VAT Saga: I disagree with AGF, VAT is not under the Exclusive Legislative List – Adewole
Barrister Mahmood Abdulbasit Adewole is an Ilorin based legal practitioner, an alumnus of Usmanu Danfodiyo University, Sokoto, where he graduated from in 2017. He thereafter proceeded to Nigerian Law School, Yenagoa Campus in 2018 and was called to the Nigerian Bar in 2019.
He had his pupilage at Hashim Abioye & Co (Trust Chambers) Osogbo, Osun State between 2019-2020. He is currently working as an associate with Ismaila Raheem & Co (Opeyemi Chambers) in Ilorin.
In this interview with JIMOH SULYMAN, the young Barrister shared his thoughts on the VAT saga among other sundry issues. Excerpt.
Is the AGF right to say that the Value Added Tax (VAT) is on the Exclusive Legislative List?
With due respect to the learned silk, I do not agree with him on this position. VAT is not expressly mentioned under the Exclusive Legislative List of the 1999 Constitution of the Federal Republic of Nigeria (as amended). Be that as it may, the Court is the appropriate authority empowered by section 6 of the Nigerian Constitution (aforementioned) to decide whether it is the federal government or the state government that is legally empowered to collect VAT. The decision of the Federal High Court, Rivers Division still subsists on this, until it is upturned by Court of Appeal Decision.

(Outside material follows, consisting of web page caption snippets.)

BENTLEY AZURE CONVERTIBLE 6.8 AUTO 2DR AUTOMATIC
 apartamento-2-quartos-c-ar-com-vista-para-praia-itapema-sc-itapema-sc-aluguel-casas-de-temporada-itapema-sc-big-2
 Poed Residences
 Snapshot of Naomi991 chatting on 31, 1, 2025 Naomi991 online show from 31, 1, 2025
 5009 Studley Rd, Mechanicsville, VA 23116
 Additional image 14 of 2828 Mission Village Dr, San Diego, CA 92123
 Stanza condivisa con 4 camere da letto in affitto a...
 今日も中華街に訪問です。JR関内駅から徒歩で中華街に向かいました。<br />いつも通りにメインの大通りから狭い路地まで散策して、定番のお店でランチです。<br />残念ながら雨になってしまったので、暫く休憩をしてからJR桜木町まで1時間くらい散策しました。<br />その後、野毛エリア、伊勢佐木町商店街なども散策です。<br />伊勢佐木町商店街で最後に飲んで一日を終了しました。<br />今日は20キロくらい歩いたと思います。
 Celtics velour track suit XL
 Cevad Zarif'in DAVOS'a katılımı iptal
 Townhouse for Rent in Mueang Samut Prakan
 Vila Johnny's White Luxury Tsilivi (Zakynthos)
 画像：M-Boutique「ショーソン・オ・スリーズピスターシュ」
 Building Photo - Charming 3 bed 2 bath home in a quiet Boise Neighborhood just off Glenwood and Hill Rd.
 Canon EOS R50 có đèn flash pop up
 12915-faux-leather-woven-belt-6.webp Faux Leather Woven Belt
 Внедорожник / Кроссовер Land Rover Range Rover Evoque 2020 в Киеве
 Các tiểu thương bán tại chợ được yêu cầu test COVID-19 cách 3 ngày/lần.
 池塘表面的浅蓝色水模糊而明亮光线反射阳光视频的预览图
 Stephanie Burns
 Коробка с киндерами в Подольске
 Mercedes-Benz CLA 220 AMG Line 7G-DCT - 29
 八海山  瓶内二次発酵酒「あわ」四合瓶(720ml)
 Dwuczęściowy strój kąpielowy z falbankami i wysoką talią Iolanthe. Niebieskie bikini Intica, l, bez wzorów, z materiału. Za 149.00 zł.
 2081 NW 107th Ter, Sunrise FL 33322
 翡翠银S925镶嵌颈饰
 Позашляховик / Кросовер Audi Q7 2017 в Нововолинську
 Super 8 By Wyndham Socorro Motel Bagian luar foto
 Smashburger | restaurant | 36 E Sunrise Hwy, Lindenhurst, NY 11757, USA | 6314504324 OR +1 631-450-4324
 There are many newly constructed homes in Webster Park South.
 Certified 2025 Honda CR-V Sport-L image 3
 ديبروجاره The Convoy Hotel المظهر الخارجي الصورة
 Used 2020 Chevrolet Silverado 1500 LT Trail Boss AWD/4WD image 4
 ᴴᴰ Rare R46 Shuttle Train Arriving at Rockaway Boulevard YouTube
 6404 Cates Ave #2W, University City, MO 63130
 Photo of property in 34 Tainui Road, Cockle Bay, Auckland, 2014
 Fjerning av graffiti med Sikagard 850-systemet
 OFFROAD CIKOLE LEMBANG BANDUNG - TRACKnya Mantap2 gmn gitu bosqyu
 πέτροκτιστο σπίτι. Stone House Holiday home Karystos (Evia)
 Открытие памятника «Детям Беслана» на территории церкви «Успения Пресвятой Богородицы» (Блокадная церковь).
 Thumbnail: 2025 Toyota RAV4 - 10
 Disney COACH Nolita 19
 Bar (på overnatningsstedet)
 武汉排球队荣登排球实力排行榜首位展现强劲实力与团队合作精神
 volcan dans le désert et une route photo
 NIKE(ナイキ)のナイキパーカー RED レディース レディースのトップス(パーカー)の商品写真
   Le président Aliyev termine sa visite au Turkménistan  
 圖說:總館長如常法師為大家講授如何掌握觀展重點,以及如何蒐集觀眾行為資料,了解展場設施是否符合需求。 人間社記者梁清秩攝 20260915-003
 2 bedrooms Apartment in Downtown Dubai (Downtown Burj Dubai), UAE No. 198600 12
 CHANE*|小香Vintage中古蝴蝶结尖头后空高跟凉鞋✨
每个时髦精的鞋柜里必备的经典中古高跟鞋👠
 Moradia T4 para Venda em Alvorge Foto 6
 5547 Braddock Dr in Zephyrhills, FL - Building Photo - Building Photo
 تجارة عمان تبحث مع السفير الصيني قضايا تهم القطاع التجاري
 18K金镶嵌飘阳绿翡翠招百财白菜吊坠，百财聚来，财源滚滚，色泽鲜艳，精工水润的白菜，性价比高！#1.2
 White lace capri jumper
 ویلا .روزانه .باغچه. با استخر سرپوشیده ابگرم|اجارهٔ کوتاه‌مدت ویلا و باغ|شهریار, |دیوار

Don’t you think the power granted to the FIRS to access taxpayer’s books, documents, servers, billing systems, bank accounts, including those stored in a computer is against the Cybercrimes (Prohibition, Prevention, etc.) Act, 2015 (the “Cybercrimes Act”)?
To start with, Nigerian data protection and cyber-security regime forbids unauthorised access by any person or organization into the whole or part of the computer system or network of another person or an organisation.
However, by virtue of Order 57 Rule 3 of the Federal High Court (Civil Procedure) Rules, 2019, the Chief Judge of the Federal High Court of Nigeria is empowered to make practice directions for the Federal High Court; on matters arising from tax administration/enforcement as well as matters affecting the Federal Inland Revenue Service (“FIRS”).
Flowing from the above, Order III (2)c of the Federal High Court Practice Directions expressly grants the FIRS powers, pursuant to an ex-parte order, to access taxpayer’s books, documents, servers, billing systems, bank accounts. This also tallies with the provision of Section 51 of the Finance Act 2020. With these provisions, one can conclude that FIRS role in this regard is not unlawful.
In the same vein, the provisions of the Nigeria Data Protection Regulation 2019, issued by the National Information Technology Development Agency (“NITDA”), data processing carried out without the requisite consent of a data subject will nonetheless be regarded as “Lawful Processing”; where the processing is necessary for compliance with a legal obligation to which the data controller is subject, or it is necessary for the performance of a task carried out in the public interest or in exercise of official public mandate vested in the data controller (FIRS in this regard).
Despite the above, the privacy of citizens, their homes, correspondence, telephone conversations and telegraphic communications are constitutionally guaranteed in Nigeria. Thus, I humbly submit that the FIRS, in the exercise of its powers pursuant to the Practice Directions above, should endeavour that sensitive personal data of taxpayers are not compromised or abuse by the public.
Having the Rivers State Government getting a ruling at the Federal High Court, Port Harcourt Division that the FIRS is not empowered to collect VAT and the Federal High Court at the Court of Appeal, Abuja Division ordering the Rivers and Lagos State governments to maintain the status quo, is that not a legal confusion?
The decision of any Nigerian court subsists and remain binding until upturned by a superior court; this is based on the principle of judicial precedent.
Flowing from the above, the decision of the Court of Appeal is the latest and overriding on the earlier judgments of the lower court (i.e. Federal High Court, Rivers State). The Court of Appeal said that parties should “maintain status quo ante bellum”. In legal parlance, this means that the parties should go back to the situation they were before the suit was instituted.
In the instant case, this simply means that States government should continue to collect and remit VAT to the federal government (as they used to do before approaching court) until the matter is finally determined by the court (Supreme Court in this case).